Thomas, a resourceful child, is left alone with his fragile grandfather on Christmas Eve. When a killer dressed as Santa Claus breaks into their home, Thomas does whatever it takes to defend his home and grandfather.
Also known as Deadly Games.
Dial Code Santa Claus contains examples of:
- Adults Are Useless: Up until the end when Thomas nearly blind grandfather finishes off the already weakened Santa with a gun, Thomas has to completely fend for himself against the intruder.
- The Ahnold: Thomas loves American action movies and idolizes their muscle-bound stars, and even stages play sessions heavily inspired by them.
- Alas, Poor Villain: Near the end, Thomas tearfully asks Santa why he's doing all this. The Santa appears sad and confused, as if even he doesn't know.
- Bad Santa: A deranged killer dressed as Santa stalks Thomas and his grandfather.
- Berserk Button: The Santa is very kind (if not a bit creepy) to a little girl on his lap at the mall until she tells him she doesn't like his face and calls him a fake. Then he slaps her.

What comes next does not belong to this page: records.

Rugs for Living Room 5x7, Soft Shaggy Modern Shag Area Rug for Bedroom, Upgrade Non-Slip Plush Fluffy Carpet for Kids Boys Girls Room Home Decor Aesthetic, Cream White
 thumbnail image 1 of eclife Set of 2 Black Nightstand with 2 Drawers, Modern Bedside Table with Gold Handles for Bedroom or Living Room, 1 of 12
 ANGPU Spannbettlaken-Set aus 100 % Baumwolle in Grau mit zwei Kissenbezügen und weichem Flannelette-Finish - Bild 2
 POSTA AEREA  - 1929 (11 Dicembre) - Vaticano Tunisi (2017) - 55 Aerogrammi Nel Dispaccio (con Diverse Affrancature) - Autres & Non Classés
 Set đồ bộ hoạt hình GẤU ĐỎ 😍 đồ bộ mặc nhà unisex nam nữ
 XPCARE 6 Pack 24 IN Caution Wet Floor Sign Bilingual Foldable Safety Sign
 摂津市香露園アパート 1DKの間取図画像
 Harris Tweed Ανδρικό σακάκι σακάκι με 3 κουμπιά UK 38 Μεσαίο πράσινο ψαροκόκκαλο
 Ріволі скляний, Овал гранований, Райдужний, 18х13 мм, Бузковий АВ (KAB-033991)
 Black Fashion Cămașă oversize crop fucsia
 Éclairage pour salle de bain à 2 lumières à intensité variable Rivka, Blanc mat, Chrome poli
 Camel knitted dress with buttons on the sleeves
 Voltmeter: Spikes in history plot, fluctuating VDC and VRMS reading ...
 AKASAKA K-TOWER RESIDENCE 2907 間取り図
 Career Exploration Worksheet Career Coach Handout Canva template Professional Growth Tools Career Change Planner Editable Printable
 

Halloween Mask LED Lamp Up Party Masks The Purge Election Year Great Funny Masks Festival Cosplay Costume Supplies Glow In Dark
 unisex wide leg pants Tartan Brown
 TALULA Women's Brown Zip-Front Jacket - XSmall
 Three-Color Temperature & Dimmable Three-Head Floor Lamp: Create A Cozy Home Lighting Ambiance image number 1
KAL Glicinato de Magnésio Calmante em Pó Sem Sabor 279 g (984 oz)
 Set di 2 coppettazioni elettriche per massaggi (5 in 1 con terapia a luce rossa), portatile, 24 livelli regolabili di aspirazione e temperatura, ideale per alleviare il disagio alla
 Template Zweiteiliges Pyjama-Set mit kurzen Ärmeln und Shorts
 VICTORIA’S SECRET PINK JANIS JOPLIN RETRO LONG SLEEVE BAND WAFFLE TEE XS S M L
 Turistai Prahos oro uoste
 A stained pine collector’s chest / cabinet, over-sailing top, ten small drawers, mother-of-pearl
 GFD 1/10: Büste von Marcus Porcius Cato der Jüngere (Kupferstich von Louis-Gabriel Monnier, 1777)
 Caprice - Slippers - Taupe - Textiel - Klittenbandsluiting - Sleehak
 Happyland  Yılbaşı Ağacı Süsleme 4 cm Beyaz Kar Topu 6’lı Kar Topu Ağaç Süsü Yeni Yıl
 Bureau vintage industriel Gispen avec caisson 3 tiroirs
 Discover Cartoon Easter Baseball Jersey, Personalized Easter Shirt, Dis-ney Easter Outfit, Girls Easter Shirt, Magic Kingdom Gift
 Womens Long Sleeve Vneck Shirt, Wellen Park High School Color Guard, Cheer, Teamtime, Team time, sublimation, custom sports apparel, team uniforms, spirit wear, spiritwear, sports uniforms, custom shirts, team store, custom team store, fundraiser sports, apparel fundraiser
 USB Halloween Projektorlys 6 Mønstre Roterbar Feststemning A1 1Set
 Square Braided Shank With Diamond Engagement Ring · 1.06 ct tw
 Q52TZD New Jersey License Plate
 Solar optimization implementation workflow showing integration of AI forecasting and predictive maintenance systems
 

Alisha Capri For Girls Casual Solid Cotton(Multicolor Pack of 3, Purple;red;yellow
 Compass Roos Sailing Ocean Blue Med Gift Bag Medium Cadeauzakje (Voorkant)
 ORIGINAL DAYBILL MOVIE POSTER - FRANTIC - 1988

- Big Fancy House: Thomas and his family live in a large hi-tech mansion that is easy to get lost in.
- Bittersweet Ending: Thomas and his grandfather are alive but Thomas dog has been killed and Thomas is clearly traumatized.
- Child Prodigy: Thomas has built most of the traps and surveillance devices of his house by himself.
- Children Are Innocent: Thomas still believes in Santa when his friends have stopped.
- Evil Is Petty: The main reason why the Santa pursues Thomas is because Thomas mother fired him from his job as a Mall Santa (after striking a child).
- "Home Alone" Antics: A very Darker and Edgier version thereof, in which both Thomas and the Santa are outright trying to kill each other by the end. The film allegedly inspired the trope namer to the point that René Manzor threatened to sue.
- Implacable Man: The Santa is unstoppable in his pursuit of Thomas and his grandfather even after being burned and shot at it with various projectiles and explosives.
- Lock-and-Load Montage: Played for Laughs in the beginning when Thomas does one inspired by Commando. A scrawny adolescent boy trying to look like Arnold Schwarzenegger is about as comical as it sounds. He later has to do a real one after the Santa starts attacking him.
- Lonely Rich Kid: Thomas' main source of companionship is his massive collection of expensive toys, which it's strongly implied is the main reason he has any friends.
- Kick the Dog: The first thing the Santa does after climbing down the chimney is kill Thomas' dog.
- Mall Santa: The Santa is this before being fired after slapping a child.
- Psychopathic Manchild: The Santa at various points acts like he is just playing a game with Thomas; at one point when he captures Thomas he decides to let him go to play 'hide and seek'.
- Social Media Is Bad: In The '80s! The Santa finds Thomas' house through a Minitel chat room when Thomas tells him that his mother is the manager of a department store, which turns out to be enough information for the Santa to trace his location.
- The Unreveal: Who the Santa is or where he comes from is never revealed. (The back of the recent Blu-ray release says he has escaped from an insane asylum, but this is never stated in the film.)
- Would Harm A Child: The Santa stalks and tries to kill an eleven-year-old boy throughout the film.